(Caption-style text data)
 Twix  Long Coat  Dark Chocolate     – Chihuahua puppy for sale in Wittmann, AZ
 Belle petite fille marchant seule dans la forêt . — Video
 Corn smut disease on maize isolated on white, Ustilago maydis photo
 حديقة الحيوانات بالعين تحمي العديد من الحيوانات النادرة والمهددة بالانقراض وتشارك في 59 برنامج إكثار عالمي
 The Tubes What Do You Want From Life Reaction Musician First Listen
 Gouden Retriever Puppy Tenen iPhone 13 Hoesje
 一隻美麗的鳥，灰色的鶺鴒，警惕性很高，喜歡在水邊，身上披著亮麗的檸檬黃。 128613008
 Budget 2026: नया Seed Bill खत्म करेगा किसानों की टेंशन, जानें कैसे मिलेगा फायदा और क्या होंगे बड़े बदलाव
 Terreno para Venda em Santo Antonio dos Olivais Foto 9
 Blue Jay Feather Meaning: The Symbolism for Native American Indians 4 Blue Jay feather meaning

--

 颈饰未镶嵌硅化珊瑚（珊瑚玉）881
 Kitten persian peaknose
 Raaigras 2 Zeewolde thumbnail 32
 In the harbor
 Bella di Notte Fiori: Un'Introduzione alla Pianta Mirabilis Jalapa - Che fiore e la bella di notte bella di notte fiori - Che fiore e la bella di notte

==

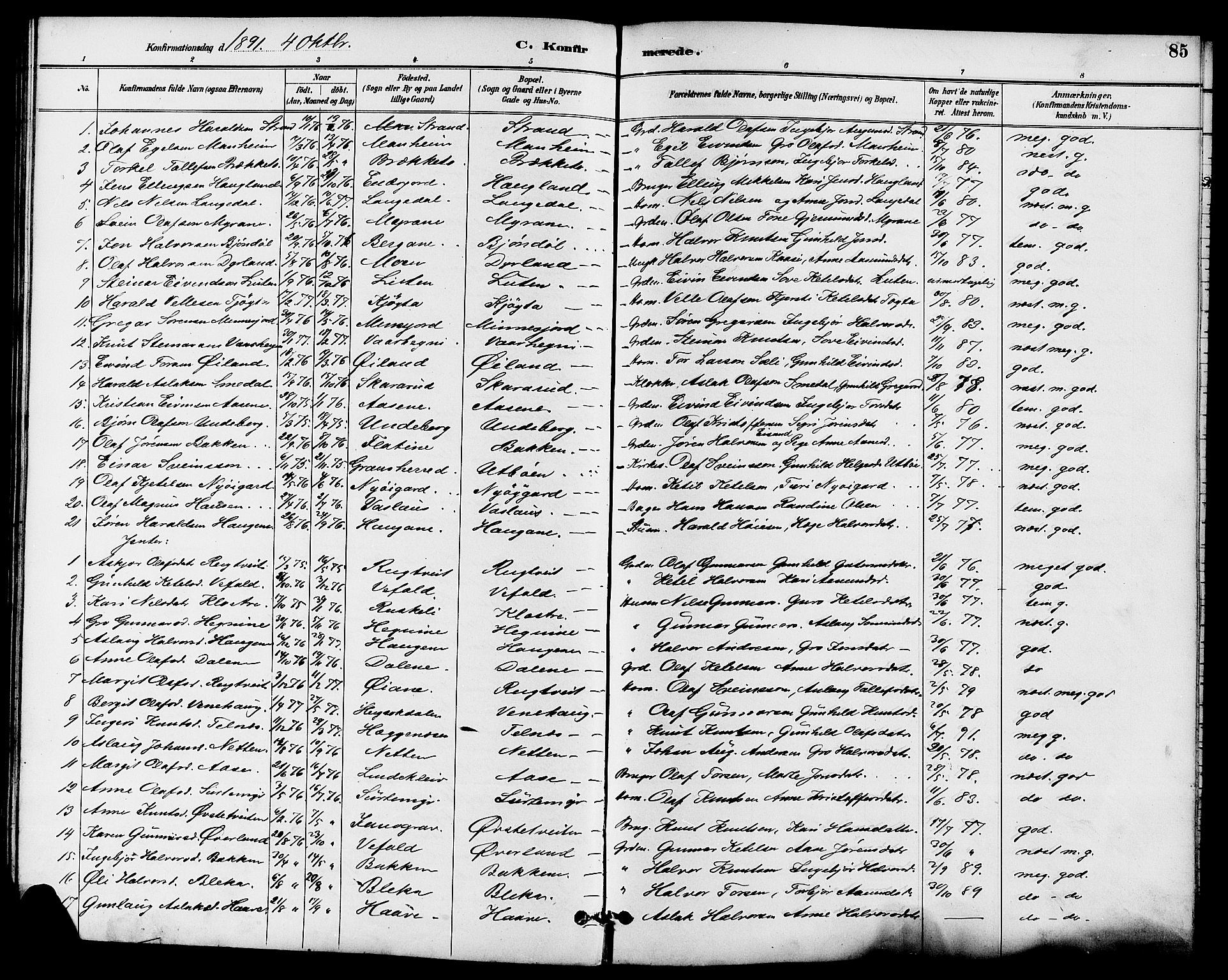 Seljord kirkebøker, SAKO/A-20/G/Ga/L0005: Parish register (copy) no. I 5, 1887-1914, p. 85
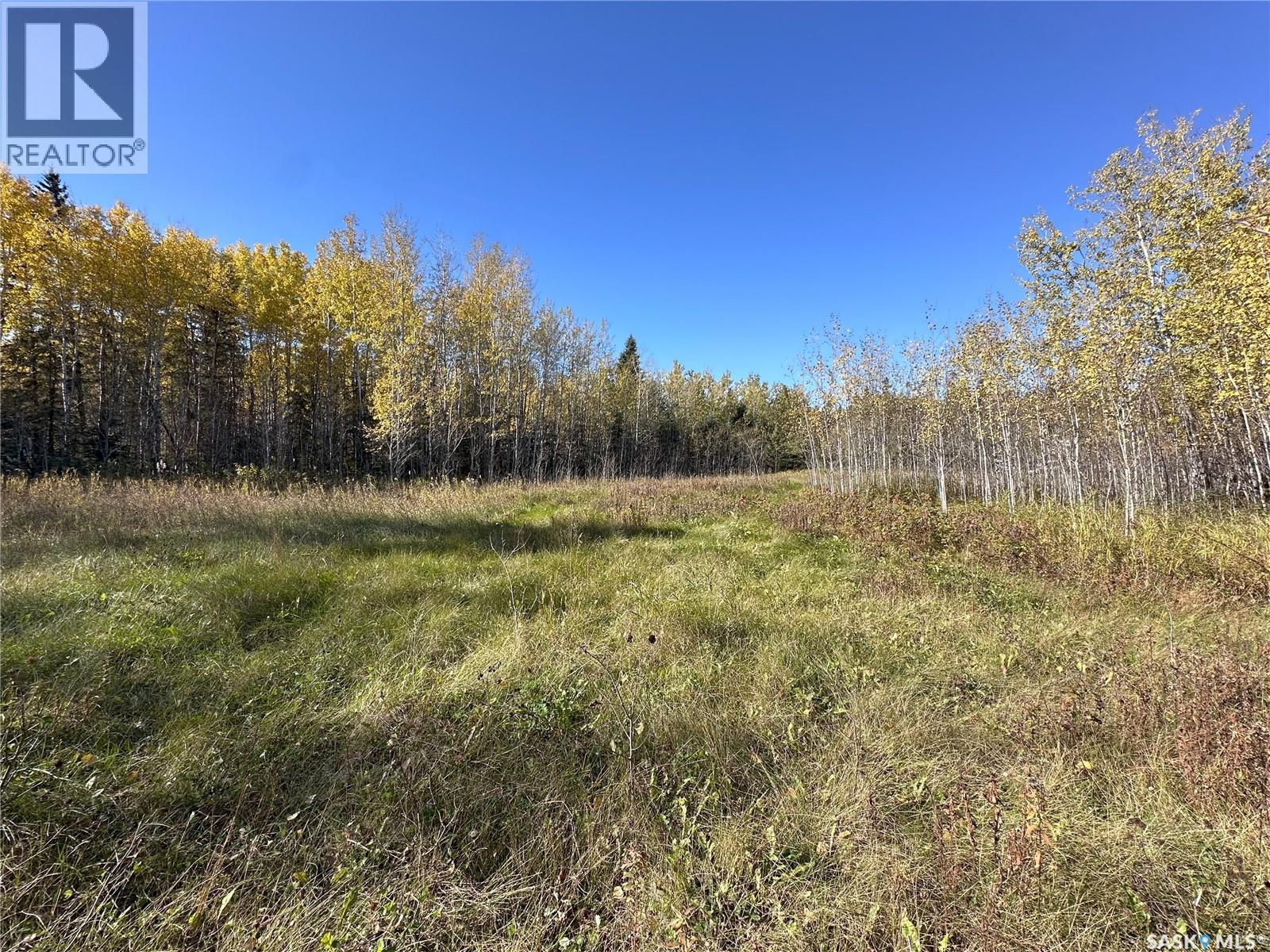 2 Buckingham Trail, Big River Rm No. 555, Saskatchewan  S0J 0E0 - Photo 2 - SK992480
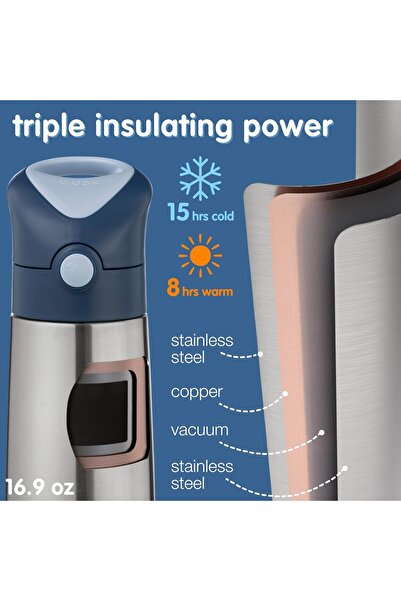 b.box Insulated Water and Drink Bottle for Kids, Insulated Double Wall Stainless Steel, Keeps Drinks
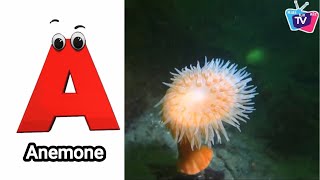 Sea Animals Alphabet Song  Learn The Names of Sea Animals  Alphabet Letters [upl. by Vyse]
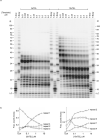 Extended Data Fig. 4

## WHAT YOU ARE ASKED TO DO
Beginning with the line that has "In the harbor" and ending with the line that has "Bella di Notte Fiori: Un'Introduzione", set down the lines above exactly and include no others.

## TASK ANSWER
 In the harbor
 Bella di Notte Fiori: Un'Introduzione alla Pianta Mirabilis Jalapa - Che fiore e la bella di notte bella di notte fiori - Che fiore e la bella di notte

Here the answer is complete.